Good Country People
[In the following review, Benedict identifies the strengths and weaknesses of Feather Crowns.]
In Feather Crowns, Bobbie Ann Mason once again proves her mastery over the world of specific physical detail. Her previous fiction, both stories and novels, has made frequent unabashed use of brand-name commodities to limn symbolically the narrow dimensions of her characters' lives. Her fascination with mercantile additions to the language—Doritos, Coca-Cola, Pampers, Kleenex—often takes on an incantatory quality, as though the gaudy organization of the supermarket shelf has subsumed the role of religious liturgy, or of poetry.
This latest novel, set for the most part on a tobacco farm in western Kentucky in 1900, invokes a litany of the brand names of that era, but to substantially different effect.

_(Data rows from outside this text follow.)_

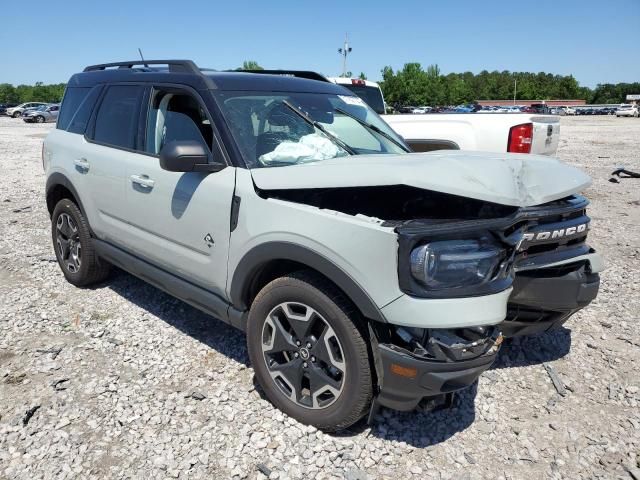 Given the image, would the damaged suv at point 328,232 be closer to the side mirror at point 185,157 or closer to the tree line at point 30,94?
the side mirror at point 185,157

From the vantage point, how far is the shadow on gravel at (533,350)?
348 centimetres

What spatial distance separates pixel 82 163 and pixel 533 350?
12.8 feet

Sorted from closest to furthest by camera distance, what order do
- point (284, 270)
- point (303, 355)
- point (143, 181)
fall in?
point (303, 355)
point (284, 270)
point (143, 181)

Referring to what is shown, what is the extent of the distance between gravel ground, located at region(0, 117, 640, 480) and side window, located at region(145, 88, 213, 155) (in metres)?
1.49

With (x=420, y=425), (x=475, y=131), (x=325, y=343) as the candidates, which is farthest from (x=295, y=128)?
(x=475, y=131)

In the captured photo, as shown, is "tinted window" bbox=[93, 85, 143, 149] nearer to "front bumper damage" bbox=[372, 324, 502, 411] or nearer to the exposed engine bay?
the exposed engine bay

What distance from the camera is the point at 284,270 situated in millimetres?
2773

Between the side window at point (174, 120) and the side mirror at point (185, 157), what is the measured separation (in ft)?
1.06

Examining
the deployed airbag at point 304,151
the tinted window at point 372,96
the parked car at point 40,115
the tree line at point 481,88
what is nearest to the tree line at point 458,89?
the tree line at point 481,88

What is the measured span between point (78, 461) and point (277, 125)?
2224 millimetres

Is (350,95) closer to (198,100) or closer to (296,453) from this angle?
(198,100)

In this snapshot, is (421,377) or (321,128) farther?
(321,128)

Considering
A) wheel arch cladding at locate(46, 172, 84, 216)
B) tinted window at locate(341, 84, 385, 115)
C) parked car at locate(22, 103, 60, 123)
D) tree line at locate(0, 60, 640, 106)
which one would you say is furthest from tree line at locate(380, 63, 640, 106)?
wheel arch cladding at locate(46, 172, 84, 216)

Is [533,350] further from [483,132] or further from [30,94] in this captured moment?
[30,94]
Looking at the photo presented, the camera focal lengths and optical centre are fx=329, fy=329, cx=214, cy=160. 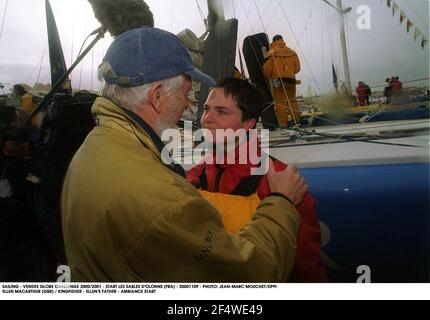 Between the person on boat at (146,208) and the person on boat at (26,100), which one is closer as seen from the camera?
the person on boat at (146,208)

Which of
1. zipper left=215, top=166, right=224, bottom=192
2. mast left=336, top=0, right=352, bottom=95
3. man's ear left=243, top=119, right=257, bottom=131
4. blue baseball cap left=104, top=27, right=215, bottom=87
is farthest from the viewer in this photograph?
mast left=336, top=0, right=352, bottom=95

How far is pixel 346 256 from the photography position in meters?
1.07

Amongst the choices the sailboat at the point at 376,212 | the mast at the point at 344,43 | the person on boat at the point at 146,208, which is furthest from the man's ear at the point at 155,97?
the mast at the point at 344,43

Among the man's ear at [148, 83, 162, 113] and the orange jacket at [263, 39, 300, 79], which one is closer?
the man's ear at [148, 83, 162, 113]

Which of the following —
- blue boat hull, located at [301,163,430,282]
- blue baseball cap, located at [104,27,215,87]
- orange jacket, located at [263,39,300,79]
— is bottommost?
blue boat hull, located at [301,163,430,282]

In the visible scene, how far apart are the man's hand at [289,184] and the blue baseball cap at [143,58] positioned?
1.10ft

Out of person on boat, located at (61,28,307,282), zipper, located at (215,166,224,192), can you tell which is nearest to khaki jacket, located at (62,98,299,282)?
person on boat, located at (61,28,307,282)

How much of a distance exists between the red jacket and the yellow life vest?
29 millimetres

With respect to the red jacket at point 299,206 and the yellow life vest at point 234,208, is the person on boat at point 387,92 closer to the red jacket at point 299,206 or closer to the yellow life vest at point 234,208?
the red jacket at point 299,206

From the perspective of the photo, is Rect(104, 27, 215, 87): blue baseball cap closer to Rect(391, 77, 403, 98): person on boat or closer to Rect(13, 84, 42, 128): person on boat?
Rect(13, 84, 42, 128): person on boat

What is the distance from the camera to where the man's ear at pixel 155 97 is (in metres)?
0.71

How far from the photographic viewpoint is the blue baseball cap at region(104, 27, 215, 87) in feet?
2.28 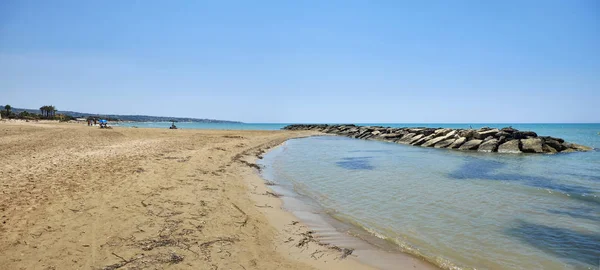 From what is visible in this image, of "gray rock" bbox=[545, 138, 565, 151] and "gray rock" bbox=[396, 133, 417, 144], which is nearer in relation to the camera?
"gray rock" bbox=[545, 138, 565, 151]

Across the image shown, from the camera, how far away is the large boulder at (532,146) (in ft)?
76.2

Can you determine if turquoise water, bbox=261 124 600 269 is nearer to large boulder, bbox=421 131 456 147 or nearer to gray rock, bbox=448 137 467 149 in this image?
gray rock, bbox=448 137 467 149

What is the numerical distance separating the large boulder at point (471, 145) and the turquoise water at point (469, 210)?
10878mm

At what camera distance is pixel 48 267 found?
3.68 m

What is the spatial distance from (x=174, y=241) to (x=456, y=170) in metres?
14.2

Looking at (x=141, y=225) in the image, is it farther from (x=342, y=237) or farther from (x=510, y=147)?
(x=510, y=147)

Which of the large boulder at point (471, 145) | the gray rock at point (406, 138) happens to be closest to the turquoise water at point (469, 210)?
the large boulder at point (471, 145)

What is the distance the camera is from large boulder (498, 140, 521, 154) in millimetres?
23391

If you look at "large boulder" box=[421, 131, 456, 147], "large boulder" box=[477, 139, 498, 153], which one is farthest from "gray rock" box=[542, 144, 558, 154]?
"large boulder" box=[421, 131, 456, 147]

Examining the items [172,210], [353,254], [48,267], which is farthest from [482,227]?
[48,267]

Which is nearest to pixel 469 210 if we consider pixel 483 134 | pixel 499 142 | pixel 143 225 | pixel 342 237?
pixel 342 237

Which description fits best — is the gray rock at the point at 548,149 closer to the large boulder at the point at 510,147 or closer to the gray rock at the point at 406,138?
the large boulder at the point at 510,147

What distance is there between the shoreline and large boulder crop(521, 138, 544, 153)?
79.5 feet

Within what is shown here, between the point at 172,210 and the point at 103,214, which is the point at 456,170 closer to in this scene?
the point at 172,210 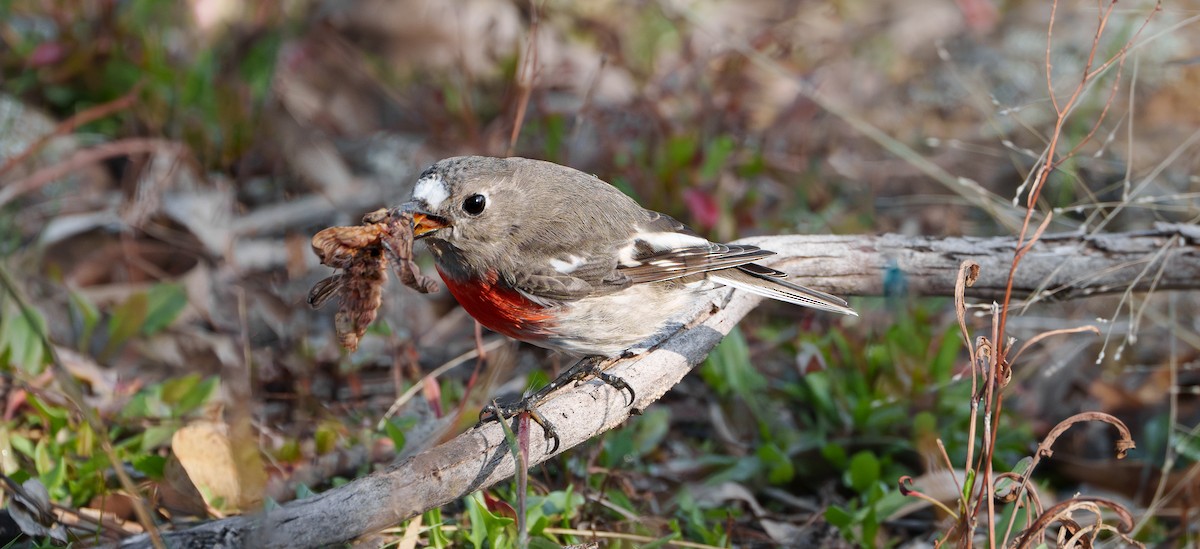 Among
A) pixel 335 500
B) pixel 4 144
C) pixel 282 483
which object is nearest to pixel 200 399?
pixel 282 483

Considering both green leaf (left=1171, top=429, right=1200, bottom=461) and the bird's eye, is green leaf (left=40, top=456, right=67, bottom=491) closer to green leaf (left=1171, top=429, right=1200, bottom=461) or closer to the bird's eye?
the bird's eye

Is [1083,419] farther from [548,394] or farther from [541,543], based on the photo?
[548,394]

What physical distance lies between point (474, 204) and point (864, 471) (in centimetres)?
183

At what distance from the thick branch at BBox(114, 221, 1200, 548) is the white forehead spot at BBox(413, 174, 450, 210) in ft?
2.46

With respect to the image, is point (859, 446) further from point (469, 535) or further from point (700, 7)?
point (700, 7)

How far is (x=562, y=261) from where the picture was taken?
3.43 meters

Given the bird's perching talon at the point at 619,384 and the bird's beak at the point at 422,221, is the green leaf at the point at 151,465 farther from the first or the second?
the bird's perching talon at the point at 619,384

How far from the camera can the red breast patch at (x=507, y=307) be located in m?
3.31

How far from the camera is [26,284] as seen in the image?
474 centimetres

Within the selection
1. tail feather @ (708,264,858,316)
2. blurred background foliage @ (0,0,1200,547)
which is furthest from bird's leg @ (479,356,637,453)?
tail feather @ (708,264,858,316)

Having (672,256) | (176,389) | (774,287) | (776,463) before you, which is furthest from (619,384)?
(176,389)

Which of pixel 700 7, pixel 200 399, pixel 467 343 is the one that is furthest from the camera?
pixel 700 7

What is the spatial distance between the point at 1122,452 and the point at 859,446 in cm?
152

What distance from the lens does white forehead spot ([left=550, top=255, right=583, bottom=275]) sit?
341cm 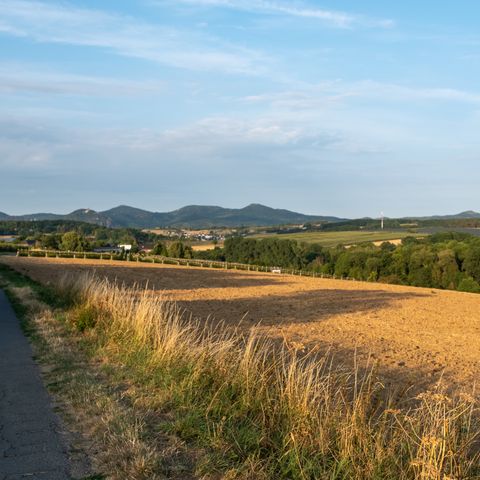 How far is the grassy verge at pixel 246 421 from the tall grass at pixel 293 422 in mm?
15

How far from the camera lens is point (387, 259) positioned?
91062mm

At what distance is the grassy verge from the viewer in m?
5.24

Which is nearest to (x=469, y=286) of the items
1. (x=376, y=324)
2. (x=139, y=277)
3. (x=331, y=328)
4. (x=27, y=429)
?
(x=139, y=277)

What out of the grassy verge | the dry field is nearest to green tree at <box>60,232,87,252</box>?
the dry field

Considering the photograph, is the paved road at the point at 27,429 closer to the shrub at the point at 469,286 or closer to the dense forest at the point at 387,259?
the shrub at the point at 469,286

Scott's Carbolated Salve, Vegetine Blood purifier, Turkish Pile Ointment, Dr. Koenig's Hamburg Breast Tea: These are not nostrums on which the Wheelers, provincial farmers, depend. Rather, the products in the town's stores and on advertising cards stand as signs to them, harbingers of a commercial world gathering strength beyond the boundaries of their communal, hardscrabble lives.
When that immoderate world invades the Wheelers' land, as it inevitably must, the life of the farm is irretrievably changed. For the worse? “Don't ever think we lived in the good old days,” Christianna Wheeler, the novel's protagonist, warns her grandchild in the book's closing pages. “It was good in some ways, but it was a misery in the heart so much of the time for so many.” All times are an impenetrable mix of good and ill, and woe betide anyone foolish enough to try to sort them out one from the other. The book's very title presents the reader with a paradoxical image: feather crowns, nestlike structures of woven plumage that sometimes form in down pillows, can be taken to symbolize either the impending death of the pillow's owner, or the certainty of his accession into Heaven.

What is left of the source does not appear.